Ribbon cable inside amplifiers


I have been looking inside amplifiers on google images, newbie here…wondering if ribbon cable inside the amplifiers is a cheap way for them to build…I was looking at Pass Labs seem to have a lot of ribbon cables…

silverfoxvtx1800

Thanks…my wife can’t handle messing with tubes…I can’t go wrong with the Pass Preamps…This Primaluna preamp with all Mullard tubes from the 1960s is sounding good…anyone who likes Primaluna will get some awesome tubes..I have a matched set of 8 EL34 Mullards from the 1960s for the amp that came from Andy at vintage tube service…

@daledeee1 yup about an hour to come to temperature and start to really sing but even cold my X260.8 monos sound great.

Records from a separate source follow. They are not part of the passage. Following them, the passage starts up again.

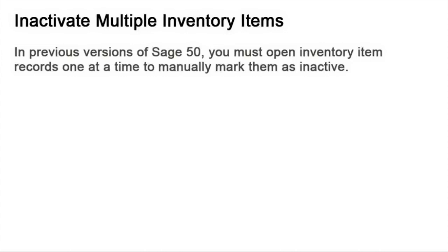In previous versions of Sage50, you must open inventory item records one at a time to manually mark them as inactive. When multiple inventory items need to be inactivated in one sitting, this process can be time-consuming.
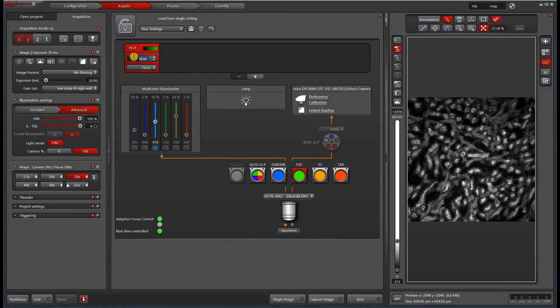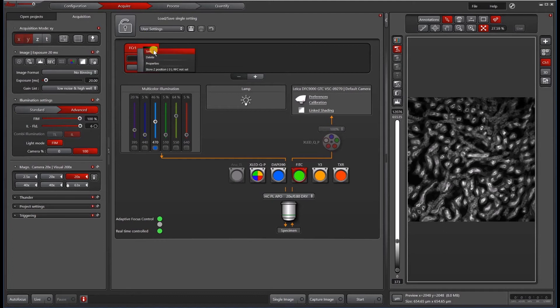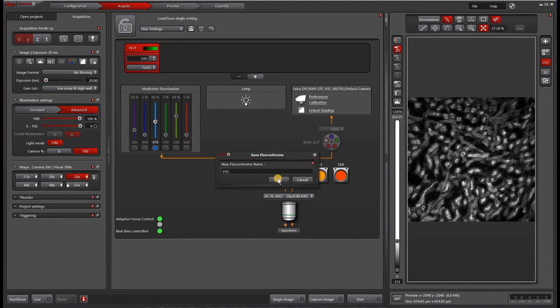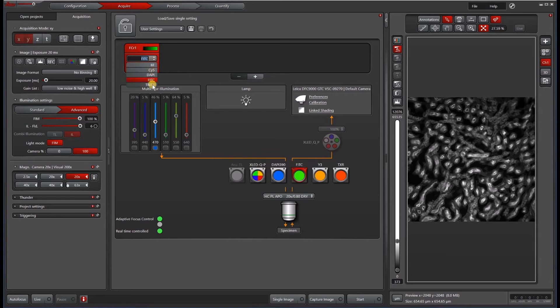After you've selected green, type in FITC for the name, whatever you want, then right click and hit save. And now you have that under the menu here.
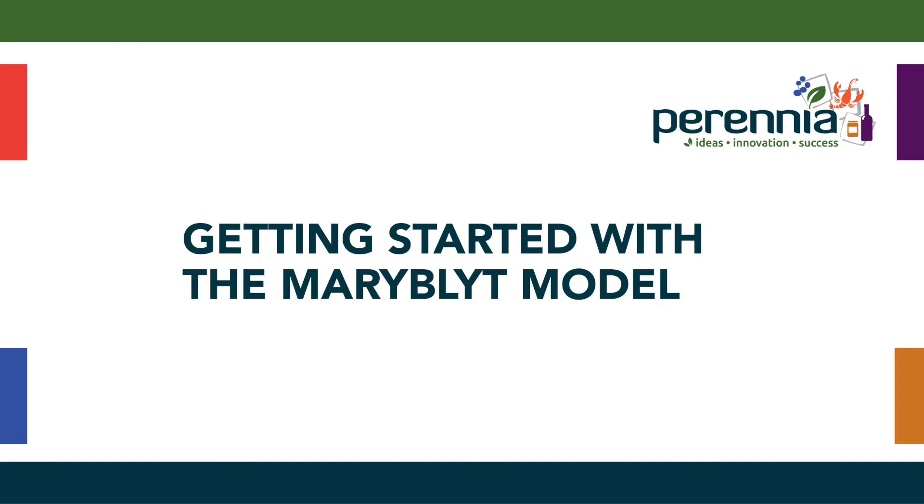I'm Michelle Cortins, the tree fruit specialist at Perenia. In this tutorial, I'm going to explain how to input data in the Maryblight model for blossom blight predictions.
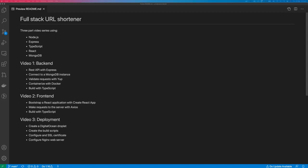In video one, we'll build the backend where we'll build a REST API with Express, connect to a MongoDB instance, validate our requests with yup, and containerize the application with Docker. We'll build all this with TypeScript.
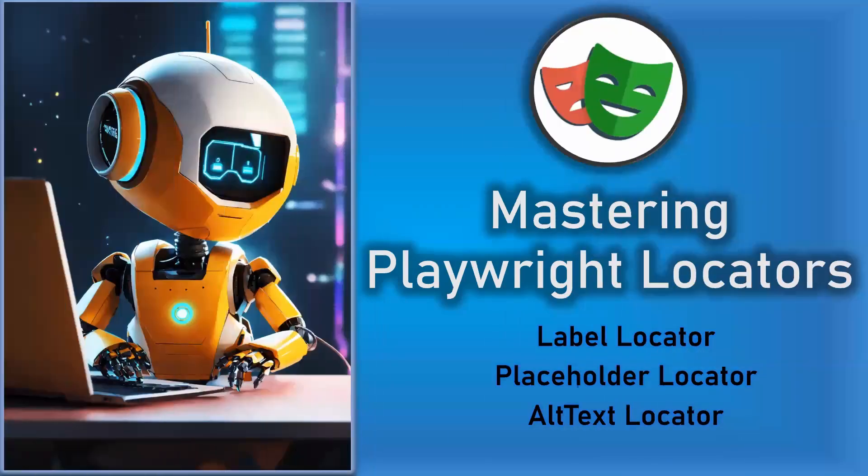Hello everyone, this is Mukundan Raghavan. In this video we are going to see the label locators, placeholder locator and alternative text locators.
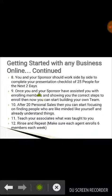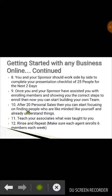Nine, once you and your sponsor have assisted you with enrolling members and shown you the correct steps to enroll, then you can start building your team. Ten, after 20 personal sales, you can start focusing on finding people who are like-minded like yourself and already understand things.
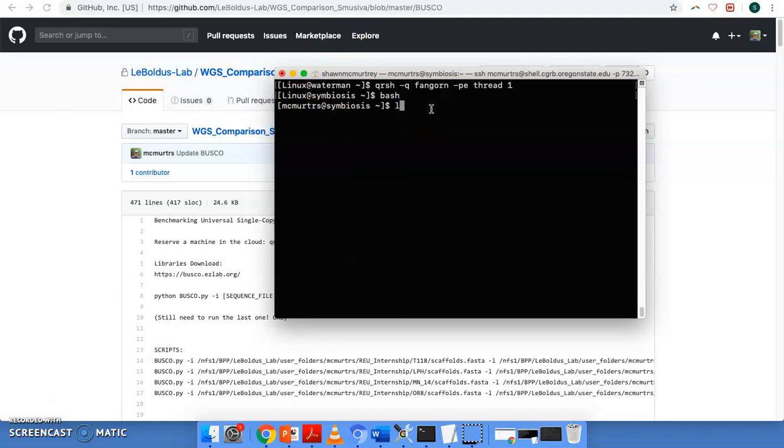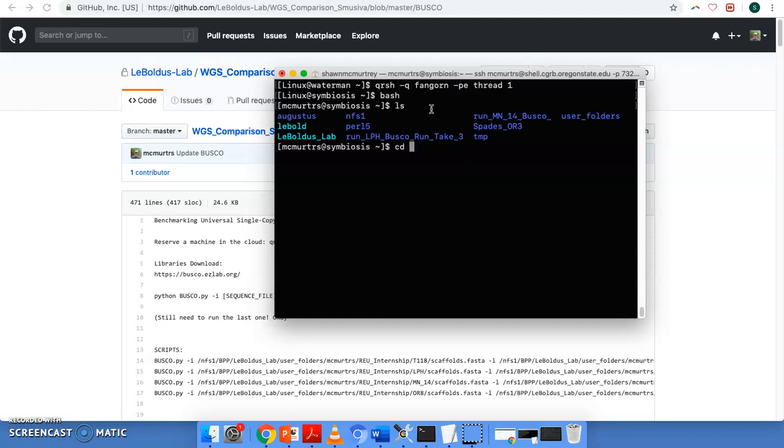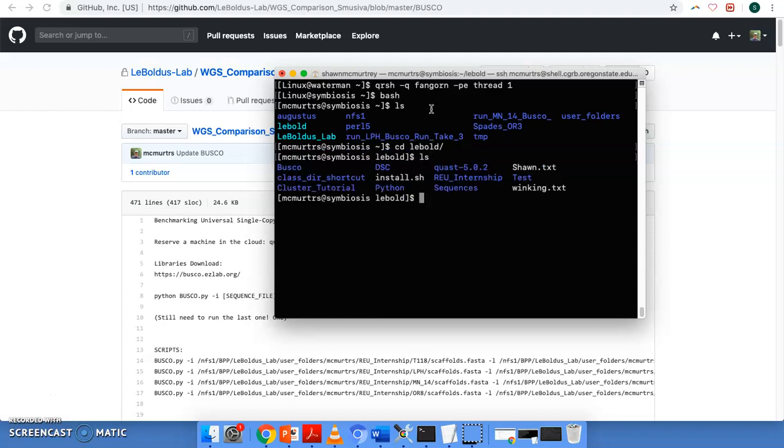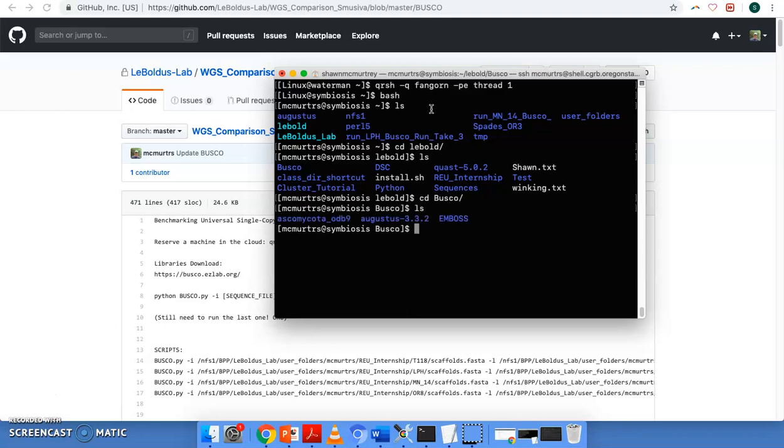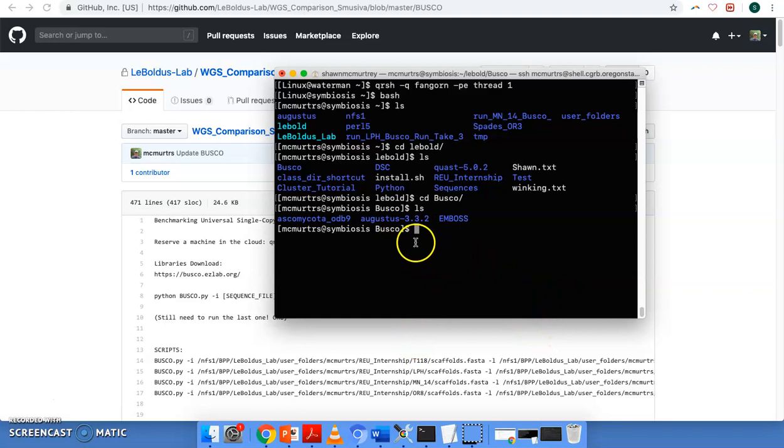And we're going to see where we're at. We want to move to the directory that we want our output to be into. So we're going to cd to busco. Okay, so yeah, we'll go ahead and put the output of this run into this directory here.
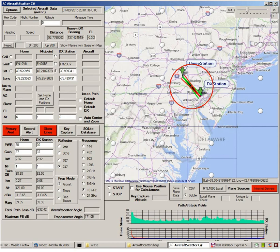I'd like to give a little demonstration of how to use my program, Aircraft ScatterSharp, for calculating troposcatter path losses.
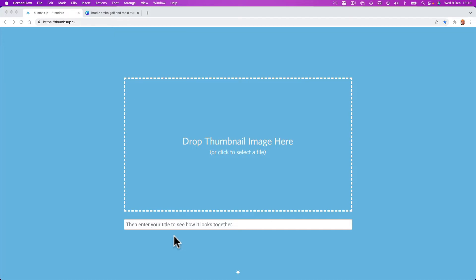Hey guys, it's Paul here. I want to give you a really quick introduction to a free tool that I think I certainly need. It's this Thumbnail Preview web page, thumbsup.tv.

If you look at the inside of any piece of audiophile electronics it will not have the same kind of expensive wiring most people use for AC cables or speaker cables. Why?

Not so with Pass Labs or Audio Research Gear.  My Pass Labs X350 Amp that I bought in 2002 was wired internally with Monster Cable.  I’m sure their newer amps have equivalent or better.

ARC started using Litz wire internally decades ago.  I rewired my ARC SP-6b with Litz wire back in the late 1980s along with better caps, resistors and a volume pot comparable to the newer ARC gear at the time.

@donavabdear  not true even my 30 year old krell amp has beryllium copper buss bars for the output stage.

The fact that high quality manufacturers don’t use "audiophile grade" cabling internally is not a definitive answer. I once got involved in a "speaker geek" conversation with the owner of one of the most successful speaker companies in recent decades. After a nice exchange of thoughts on speaker design he said (referring to cabling, connection methods, etc): "I get all of that. I just don’t want to argue with my engineers over it."

There are legit SQ design elements that go into equipment that may align with production efficiencies. Most often, they do not. There are also considerations service. In-field service board swap via detaching ribbon cables beats desoldering or sending a beefy chassis in 2 directions (including the risk of freight damage).

As others have stated, ribbon cables are often used for sending data, control, and lighting up the front panel. Sometimes low current power is sent to energize circuit boards. In the case of a streamer we "hacked" a while back, we eliminated the ribbon cable and direct silver soldered good cabling directly to the circuit board. Not an easy task. It got a little crowed in there. The SQ improvement was significant.

So, it depends on the use of the ribbon. Power delivery matters. Even if current demands are small.